Aquelas duas capas, postas lado a lado, dizem mais sobre Portugal do que uma estante inteira de livros de Sociologia, História e Ciência Política. Elas explicam exemplarmente o fracasso do país, a sua incapacidade de convergir com os países mais avançados, a nossa eterna presença na cauda da Europa, esta sensação angustiante de estarmos sempre a perder o comboio do desenvolvimento. Sobre o escândalo da PT, do BES ou do governo Sócrates já muito foi dito e escrito. Não vale a pena repetir-me, ainda que todos os dias me continue a perguntar como foi possível. Mas a investigação sobre as casas de Pedrógão, onde é revelado um desvio de fundos na ordem do meio milhão de euros – valor significativo quando olhamos para o montante global da reconstrução (dez milhões), mas ridículo face à dimensão das grandes golpadas – na recuperação de habitações inelegíveis ou não-prioritárias, é tão relevante para a explicação dos constrangimentos do país quanto o desaparecimento da PT.
O esquema que está na base do desvio de dinheiro de Pedrógão – a alteração da morada fiscal, para fazer passar uma segunda morada por primeira – é comum a outras situações. Os deputados da nação fazem o mesmo para receber indevidamente subsídio de deslocação – e os serviços do Parlamento dizem que não é nada com eles. Tal como a recente mudança nas regras de acesso às escolas provocou uma corrida à alteração da morada fiscal no cartão de cidadão – parece que ainda ficou mais fácil do que antes aldrabar o local onde se vive.
Há mais. Perante todas as suspeitas, veja-se a postura do presidente da Câmara de Pedrógão Grande, Valdemar Alves. Primeiro, não respondeu às perguntas da Visão. Depois, disse à TV que era “uma afronta” e “uma perseguição”. Seguiram-se queixas de “denúncias de má-fé” e de ser um “trabalho jornalístico encomendado”. E concluiu dizendo que é “inveja do trabalho que foi feito”. É o método socrático da cabala aplicado na perfeição.
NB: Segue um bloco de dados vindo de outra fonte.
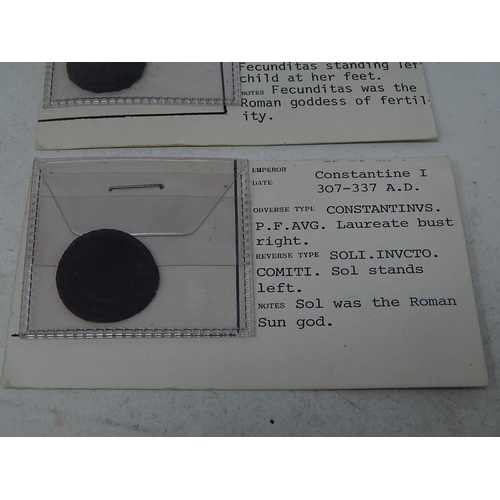 39 - A collection of 6 ancient coins profusely written up, complete with original invoices ( original pur... 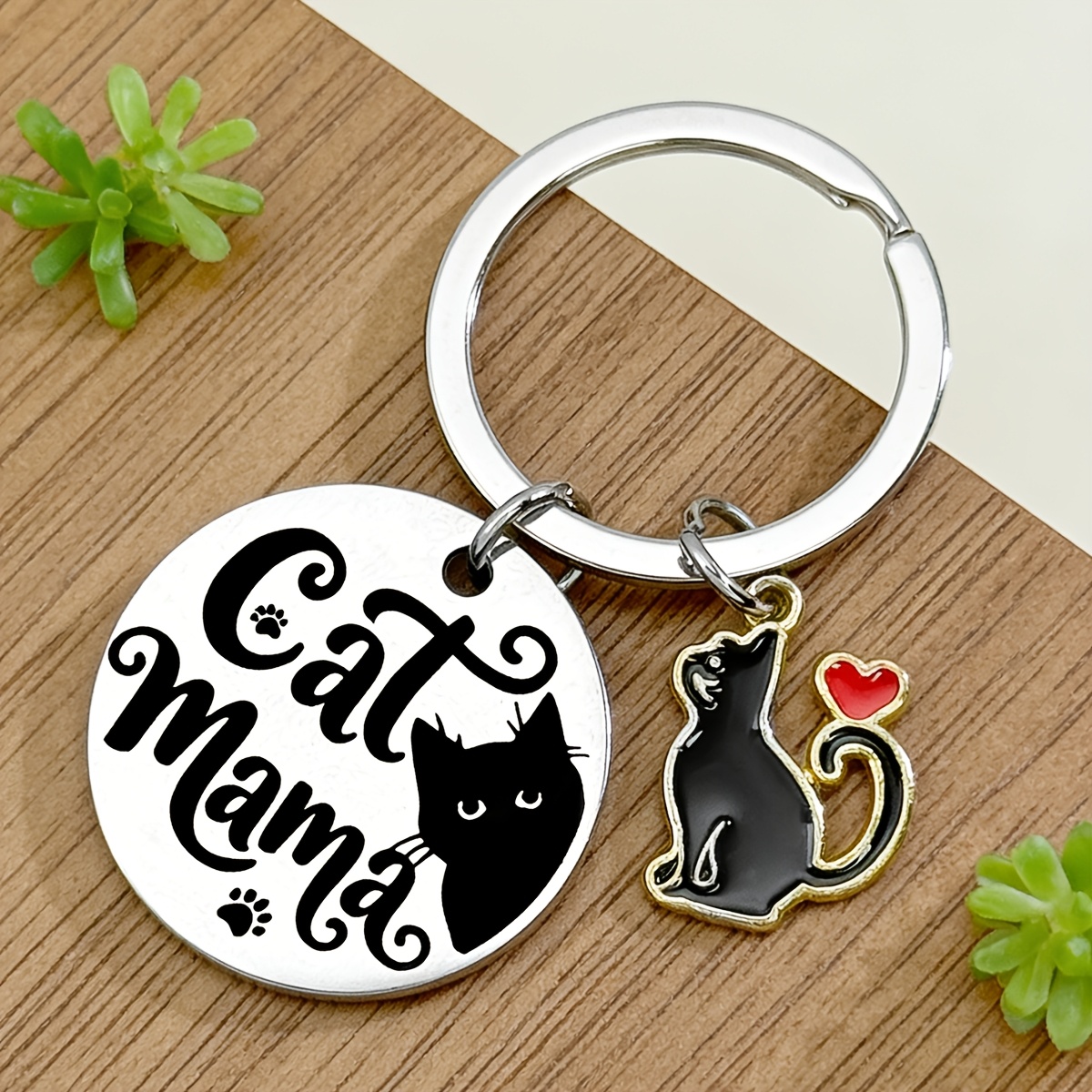 Black For Cat & Heart Charm Keychain | " For Cat Mama" Engraved Metal Key Ring, 201 Stainless Steel, Ideal Gift For Cat Moms & Pet Lovers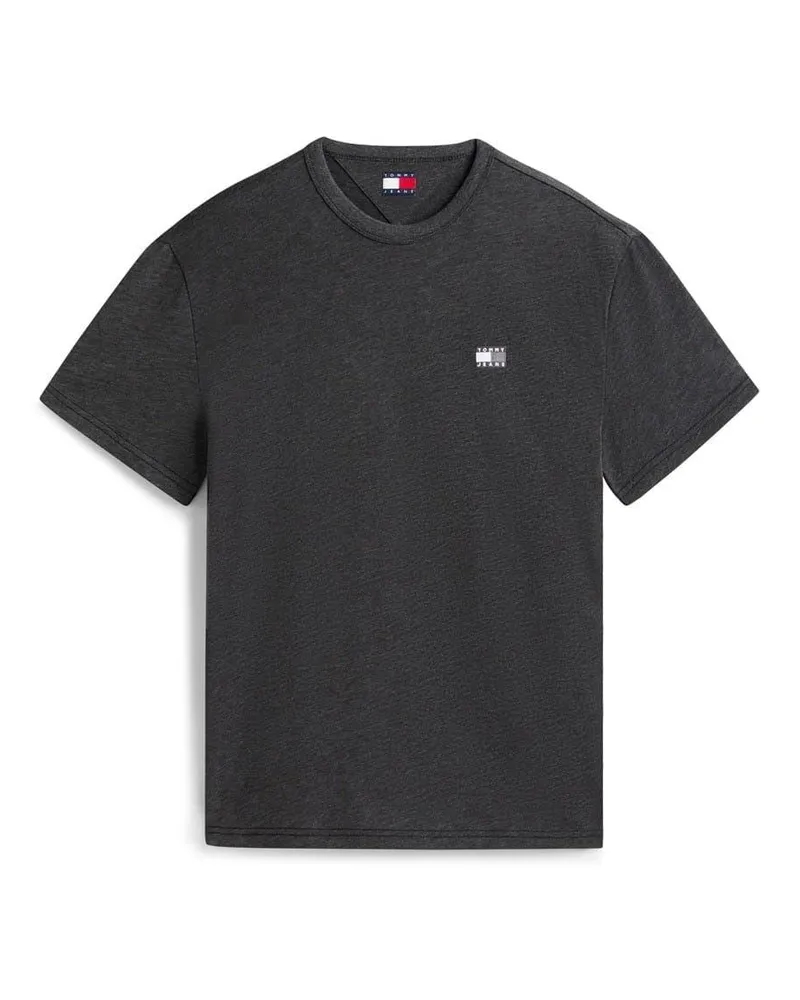 Tommy Hilfiger T-Shirt für Herren,Abzeichen (Black Heather Schwarz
Eis a triste verdade: Portugal não é para gente honesta. Isto não significa que não existam pessoas honestas, mas que a relação dos portugueses com o Estado é em simultâneo de dependência e de desconfiança, o que se traduz numa cultura de arranjinhos, à qual só os parvos não aderem. Ninguém sente que o dinheiro do Estado é de todos – o dinheiro do Estado é de ninguém. Apropriarmo-nos dele através de golpes grandes ou pequenos demonstra inteligência, não falta de carácter. E enquanto esta mentalidade perdurar, não há nada a fazer. Teremos sempre Pedrógão. Como teremos sempre a PT.